Weekly Volcano Blogs: Walkie Talkie Blog

Posts made in: March, 2011 (193) Currently Viewing: 81 - 90 of 193

March 15, 2011 at 3:54pm

COMMENT OF THE DAY: Don’t forget Katie Downs on St. Patrick's Day


Today's comment comes from Donnie, in regard to Bobble Tiki's list of St. Patrick's Day parties, which posted to weeklyvolcano.com yesterday.

Donnie writes,

What about Katy Downs on Ruston Way? I believe they may at least have green beer.

Filed under: Food & Drink, Holidays, Tacoma,

March 16, 2011 at 9:44am

5 Things to Do Today: Red Elvises, Wacky Wednesday, Robbie Walden and more ...

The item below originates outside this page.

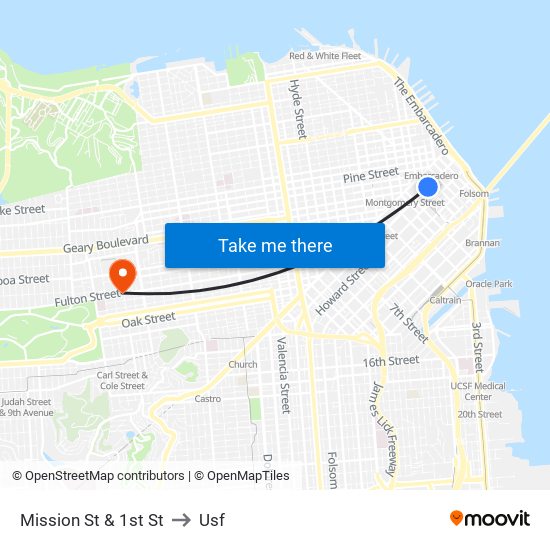 Mission St & 1st St to Usf map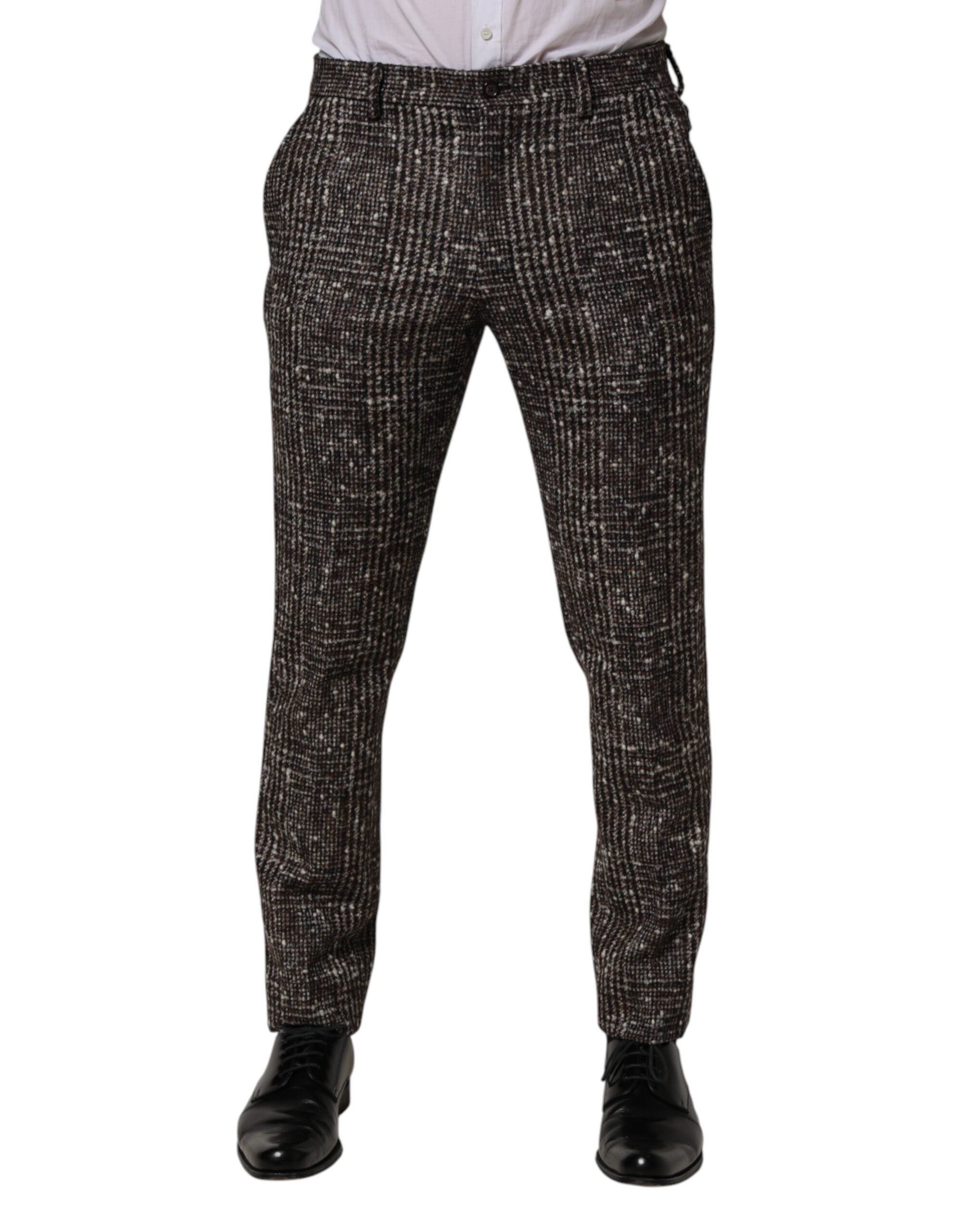 Dolce & Gabbana Brown Wool Plaid Skinny Dress Trouser Pants Dolce & Gabbana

Robbie Walden & The Gunslingers perform at Jazzbones tonight.

WEDNESDAY, MARCH 16, 2011 >>>

1. Quite honestly, when the Red Elvises play the Swiss in Tacoma - a long running tradition - the results are usually epic. Tonight should be no different. Or if that's not your musical cup of tea, click here for the Volcano's comprehensive live local music listings.

2. Wednesdays are synonymous with a few things, including the oft-used, always sure to inspire a middle school giggle, "Hump Day." But Chalet Bowl in the Proctor District has a different adjective they like to use - wacky - as in the weekly Wacky Wednesday. It's all you can bowl for two whole hours - 9-11 p.m.-and it'll only cost you $5.50 per person.

3. Like a man in a black hat? Try Robbie Walden & the Gunslingers at Jazzbones tonight.

4. In 2006 the Greater Tacoma Community Foundation helped create the Youth Against Violence Initiative - a local group partnering community leaders, activists, professionals and (most importantly) area youths in an effort to reduce youth violence and build an "engaged community that fosters a sense of hope and optimism among our community and young people," according to the Greater Tacoma Community Foundation website. Today, members of the Youth Against Violence Initiative will discuss their efforts with the Tacoma City Club.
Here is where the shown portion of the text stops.